The Consequences of Ignoring Multilevel Data Structures in Nonhierarchical Covariance Modeling

• Published in: Structural equation modeling Vol. 8; no. 3; pp. 325 - 352
• Main Author: Julian, Marc W.
• Format: Journal Article
• Language: English
• Published: Lawrence Erlbaum Associates, Inc 01.01.2001
• Subjects: Correlation; Covariance Structure Models; Monte Carlo Methods; Multilevel Analysis; Sample Size; Simulation
• ISSN: 1070-5511; 1532-8007
• DOI: 10.1207/S15328007SEM0803_1

This study examined the effects of ignoring multilevel data structures in nonhierarchical covariance modeling using a Monte Carlo simulation.

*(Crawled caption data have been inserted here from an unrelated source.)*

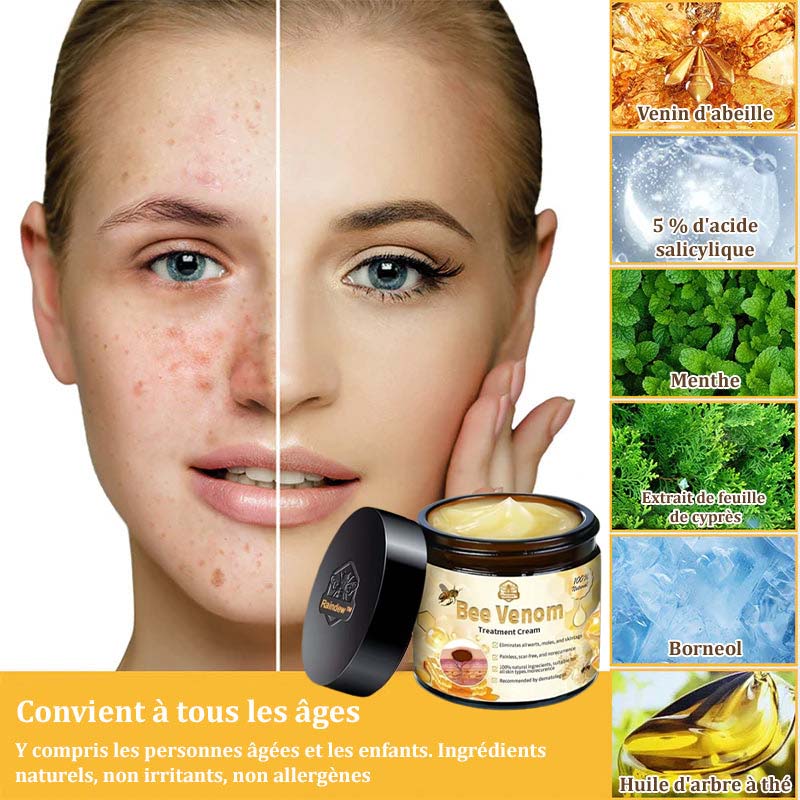 Raindew™ Bijengif Huidherstellende Crème (door dermatologen aanbevolen)👩⚕️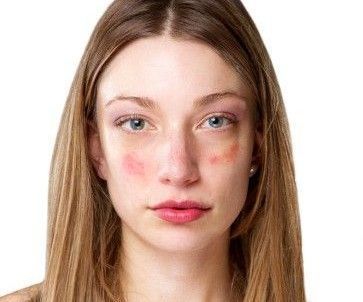 Acne Rosacea on face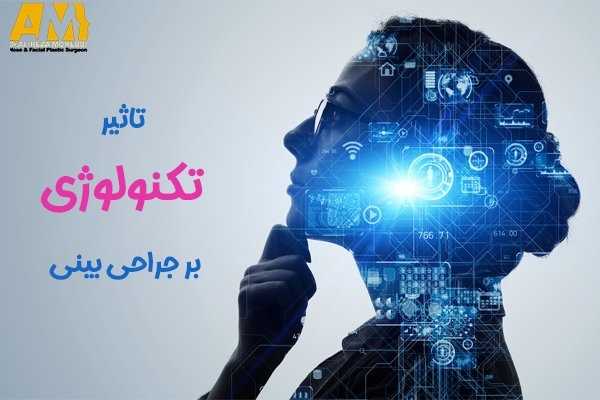 عمل رینوپلاستی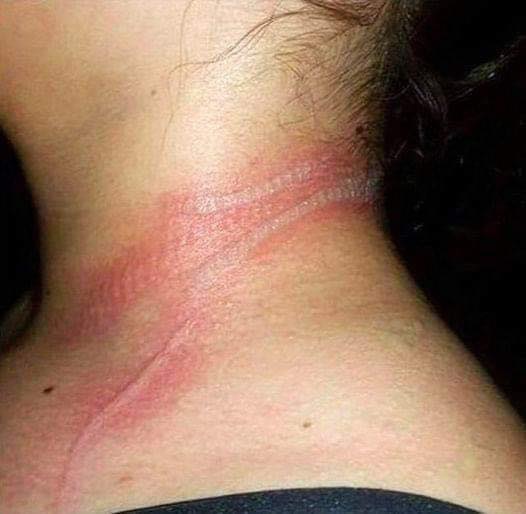 The child, only 13 years old, had terrible marks on her neck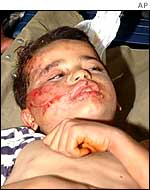 Wounded Palestinian boy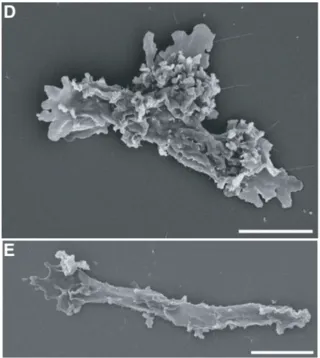 ภาพถ่ายอะมีบาทนร้อนจากกล้องจุลทรรศน์อิเล็กตรอน ภาพจาก Rappaport et al., Cell, 2026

Multilevel sample data were generated with respect to 3 design factors: (a) intraclass correlation, (b) group and member configuration, and (c) the models that underlie the between-group and within-group variance components associated with multilevel data. Covariance models that ignored the multilevel structure were then fit to the data. Results indicated that when variables exhibit minimal levels of intraclass correlation, the chi-square model/data fit statistic, the parameter estimators, and the standard error estimators are relatively unbiased. However, as the level of intraclass correlation increases, the chi-square statistic, the parameters, and their standard errors all exhibit estimation problems. The specific group/member configurations as well as the underlying between-group and within-group model structures further exacerbate the estimation problems encountered in the nonhierarchical analysis of multilevel data.